Freedom as doing what one wants emits the false notion that uncontrolled agency is automatically void of moral responsibility. Levin constructs desire as “unrestrained” whereas Neely (1974: 32) conceptualises desire in a positive light where it can be framed as an aspiration to do one’s duty or act for the common good. By expanding on the meaning of “desire”, one can understand freedom as doing what one wants without the deception of an unstructured pursuit of life. Therefore, a desire could be synonymous with a career or spiritual goal instead of relating desire with gluttony or greed. Schopenhauer uses the example of a billiard ball to illustrate that the force that moves the ball towards its destination is the same as man driven by internal desire (Neely 1974: 36). Desires can hence be conceptualised as the same motivational force that Levin advocates for through work, family, education, and religion. For Neely (1974: 34), the dialectic of realising one’s freedom in a morally responsible fashion and realising one’s freedom in accordance with free will are the same if one assesses the relationship between circumstances, skills, beliefs, and desires. Levin’s push for building morality can be placed within these four-character building elements, as one’s moral compass informs his beliefs and desires.
Conclusion
Levin’s conception is more substantiated in freedom as autonomy than the other five freedoms presented as his recommendations is to strengthen moral formation is through social institutions, such as religion, rather than through individual means (freedom as doing what one wants), material means (effective freedom), or legal means (formal freedom). Despite Levin’s recommendations being rooted in social institutions he does not directly advocate for stronger political participation or to dissociate from political participation. The values imparted from work, family, education, and religion may however influence an individual to become more politically active. Levin predominantly draws on Kant’s focus on the higher rational self-control over the lower emotional self, which is a distinct feature of freedom as autonomy.
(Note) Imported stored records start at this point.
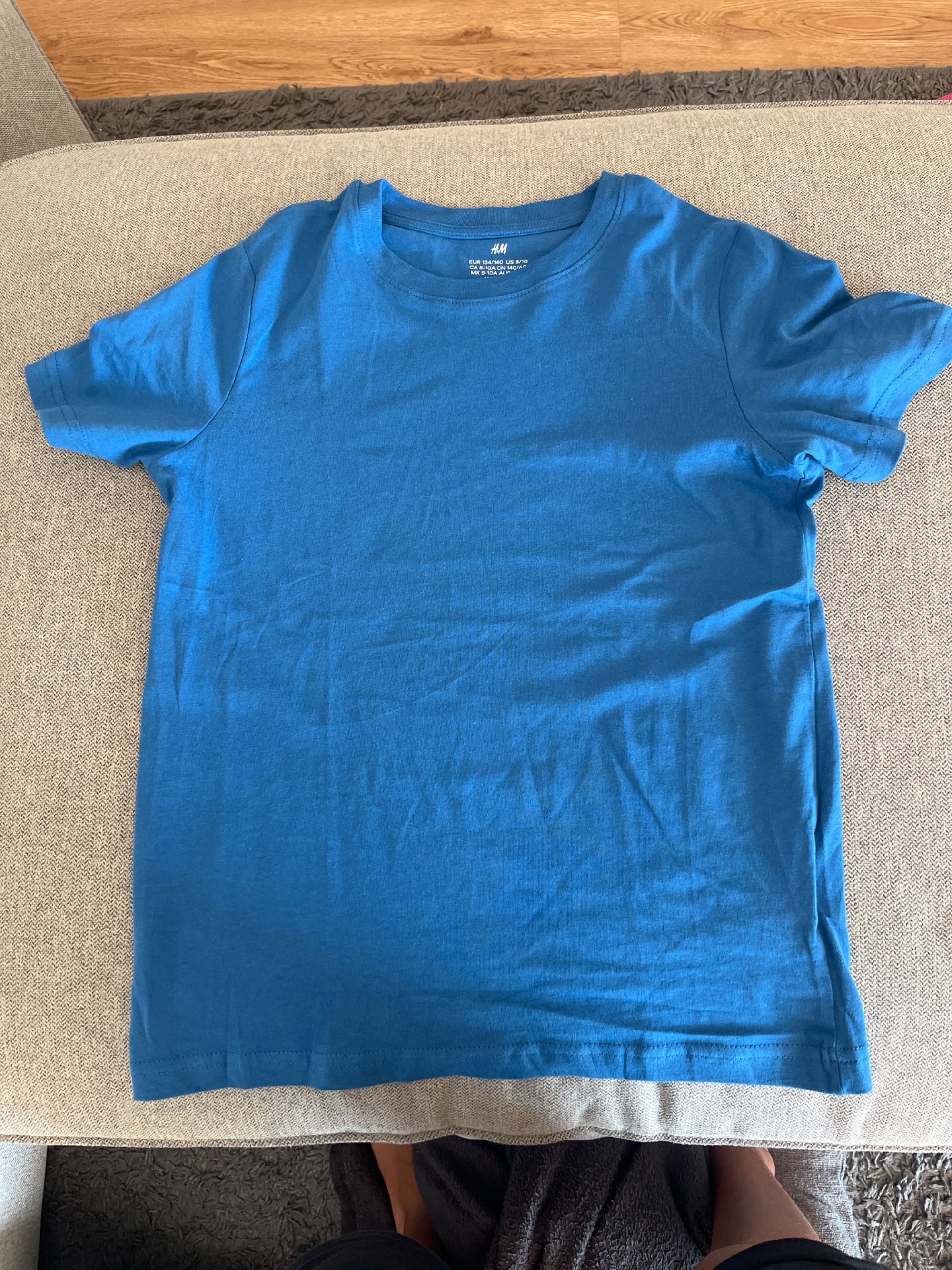 T-shirt azul muito bonita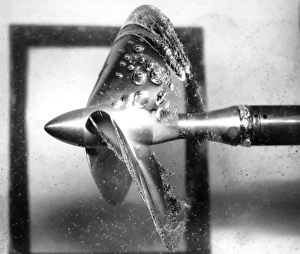 Drucke von Propellorkavitations. Test wird auf einem Propeller durchgeführt um die Cavitationswirkungen zu untersuchen Bilder Datiert 2008 September: Rotorblattkavitations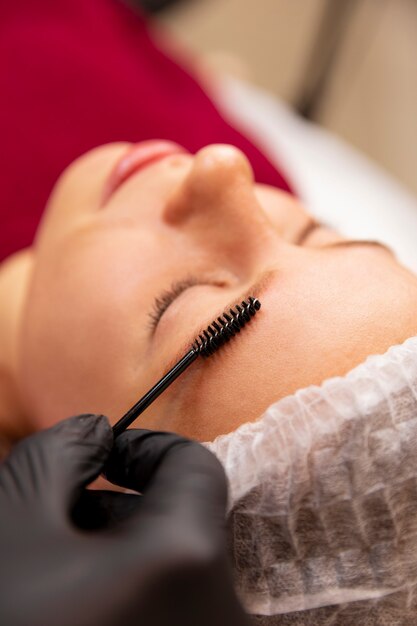 Mulher jovem e bonita passando por um tratamento de microblading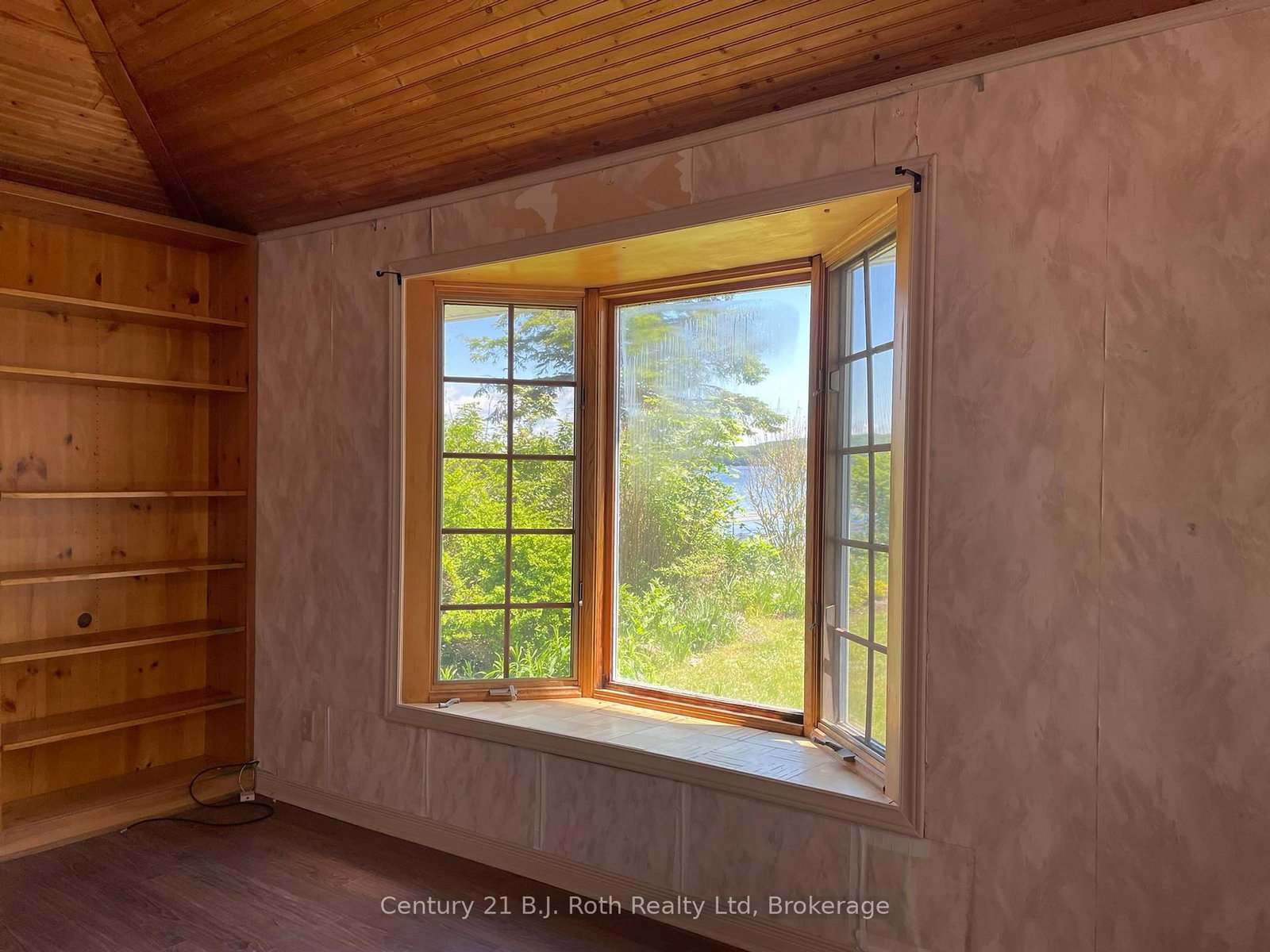 15 Bow Road • Tiny, ON photo 14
Levin’s urgency for moral responsibility aligns with understanding that true liberty is not only emancipation from external limits but equally from internal ones too. Although, it should not always be assumed that individuals are chaotic in their desires – they may have positive influences on decisions. Levin’s argument does not align with freedom to do as one wishes because he advocates to curb such “wishes” through moral fine-tuning by means of family, work, education, and religion. If Levin reworks his argument to recognize desire as a positive force perhaps his recommendations would be more practical.
Bibliography
- Cosman, C. 2001. Emile Durkheim: The Elementary Forms of Religious Life. New York: Oxford University Press.
- Levin, Y. 2014. Taking the Long Way: Disciplines of the soul are the basis of a liberal society. Internet: https://www.firstthings.com/article/2014/10/taking-the-long-way.
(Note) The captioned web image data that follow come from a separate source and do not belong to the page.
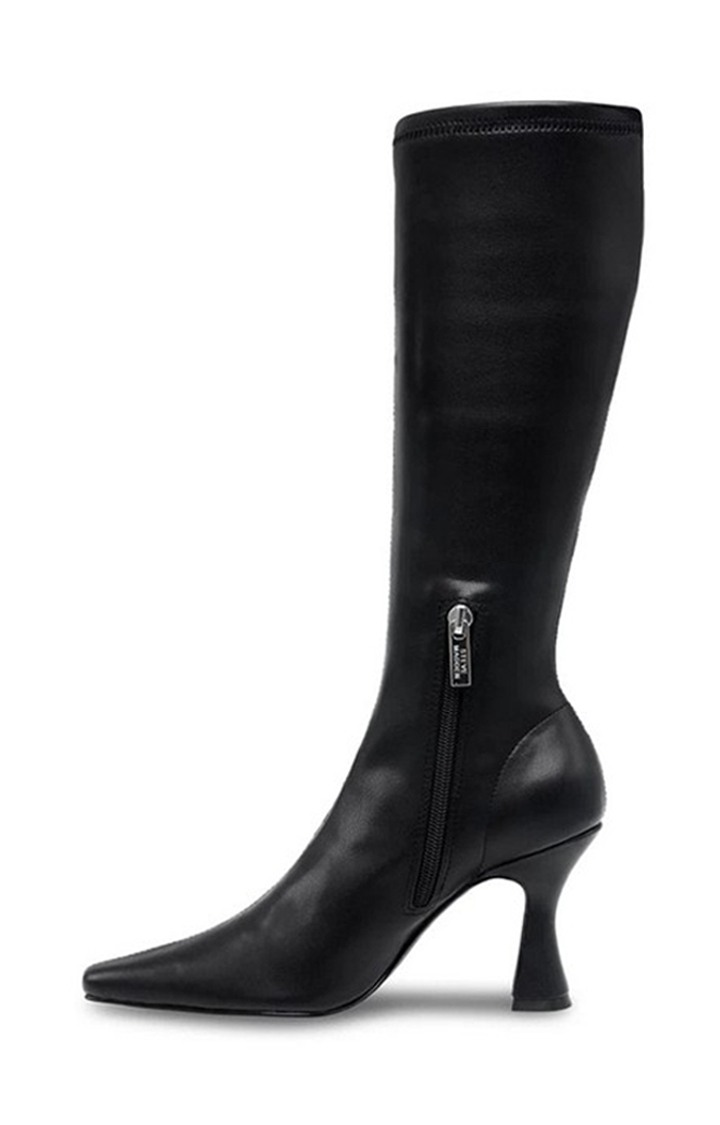 Savvy Black Boots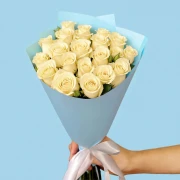 20 White Roses from Kenya - image №3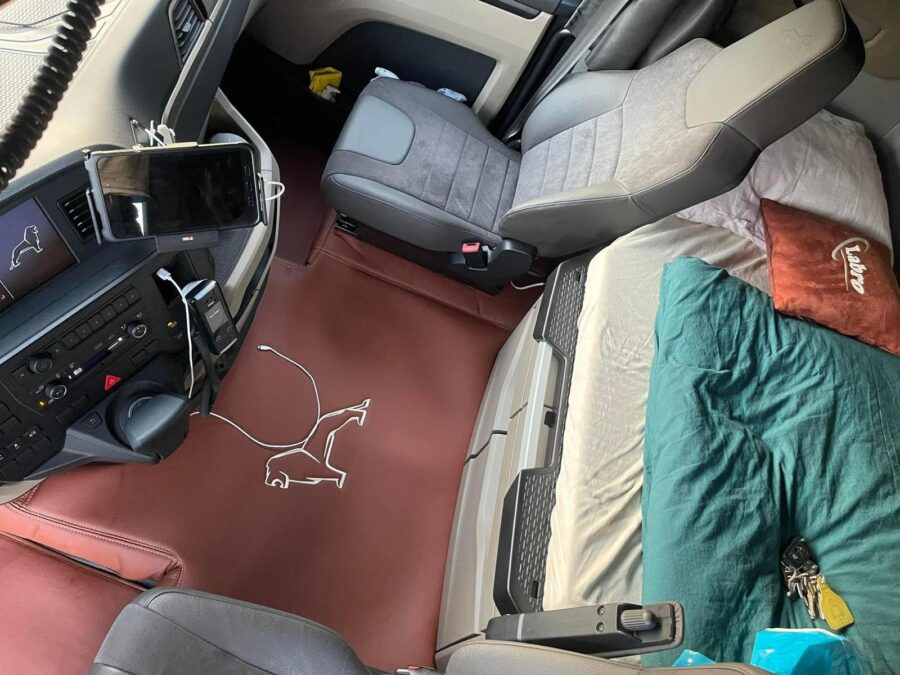 Binnenkant Cabine Man Tgx 18. De stoelen, het bed en het dashboard zijn zichtbaar.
- Neely, W. 1974. Freedom and Desire. Philosophical Review, 83(1): 32-54.
- Silver, J. 2017. Yuval Levin on the Long Way to Liberty. New York: The Tikvah Fund. Internet: https://tikvahfund.org/library/podcast-yuval-levin-on-the-long-way-to-liberty/
- Strenski, I. 2010. Why Politics Can’t Be Freed from Religion. Oxford: Wiley-Blackwell.
- Surprenant, C. 2010. Liberty, Autonomy, and Kant’s Civil Society. History of Philosophy Quarterly, 27(1): 79-94.
- Swift, A. 2014. Political Philosophy. A beginner’s guide for students and politicians. 3rd edition. Cambridge: Polity Press.
- Uddin, T. 2018. The Latest Attack on Islam: It is not a religion. The New York Times, 26 September.
- Waldron, J. 2005. Moral Autonomy and Personal Autonomy. In Autonomy and the Challenges to Liberalism, edited by J. Christman & J. Anderson. New York: Cambridge University Press.
- War on Want. 2019. Sweat Shops in Bangladesh, 7 March 2019.